Penn State coach Franklin arrives in Philly on a mission

Posted: January 17, 2014

JAMES FRANKLIN didn't waste time making the recruiting rounds in Philadelphia.

College football's dead period ended at midnight yesterday and hours later, the new Penn State football coach and his defensive coordinator, visited Archbishop Wood High, Imhotep Charter, St. Joseph's Prep, La Salle High and others.

City leagues' schools netted two PIAA championships last season, which makes Philadelphia an attractive piece of Franklin's recruiting mission.

"A huge part," Franklin said yesterday standing outside the Prep's Girard Avenue campus. "We want to dominate the state and that starts with the cities, the suburbs, the rural areas, the urban areas. There won't be an area in the state that we won't try to hit."

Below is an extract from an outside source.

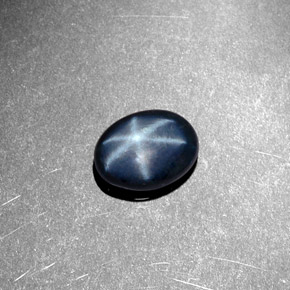 Safira estrela azul natural 1,44ct, corte oval, opaco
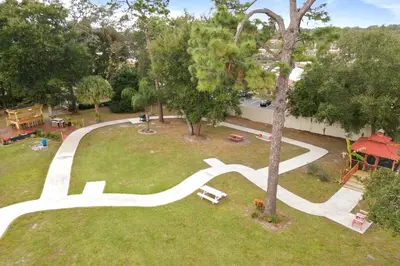 an aerial view of a park with a tree at Banana Leaf Villa-Marley Junior Suite in Orlando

Franklin, who grew up in Langhorne and attended Neshaminy High, became the 16th PSU football coach when he was officially announced last Saturday. He also played quarterback at East Stroudsburg University (1991-94).

Including last season's title, Archbishop Wood now owns two of the last three Class AAA football championships. Viking juniors Jake Cooper (linebacker) and Ryan Bates (offensive lineman) were recruited by the Bill O'Brien regime.

"We're evaluating those guys," Franklin said. "That's what we're doing now. We're going around, seeing the kids, shaking hands, watching film, picking up transcripts; that kind of stuff. But, yeah, I feel really confident that that's still going to work out. We just want to make sure that we get to know them."

St. Joseph's Prep won its first Class AAAA football championship in December. Junior defensive back/wide receiver John Reid was an O'Brien recruit, as was La Salle junior QB Kyle Shurmur.

Imhotep became the first public school to compete for a PIAA football championship in December. South Fayette bested the Panthers, 41-0, in the finale, but they still possess several talented underclassmen.

"It's very flattering to think that today is the first day out and a few hours in, he's at our place," said Panthers coach Albie Crosby.

"I get a chance to meet a lot of coaches. You can get the guys that are overly aggressive and make it feel like you should be happy they're here. Then, you can get the guys who walk on eggshells. He was very welcoming. He pretty much came in like he was used to being here."

When asked about recruits' concerns over remaining sanctions from the Jerry Sandusky scandal, Franklin said he would tell "the truth, and just keep moving forward."

Stop No. 2 will be tomorrow in Pittsburgh. New defensive coordinator Bob Shoop is a native of Oakmont, a Pittsburgh suburb.

"We're going to be a blue-collar, hard-nose program," Franklin. "That's what this city is and that's what a lot of this state is, as well. Think there's a lot of talent."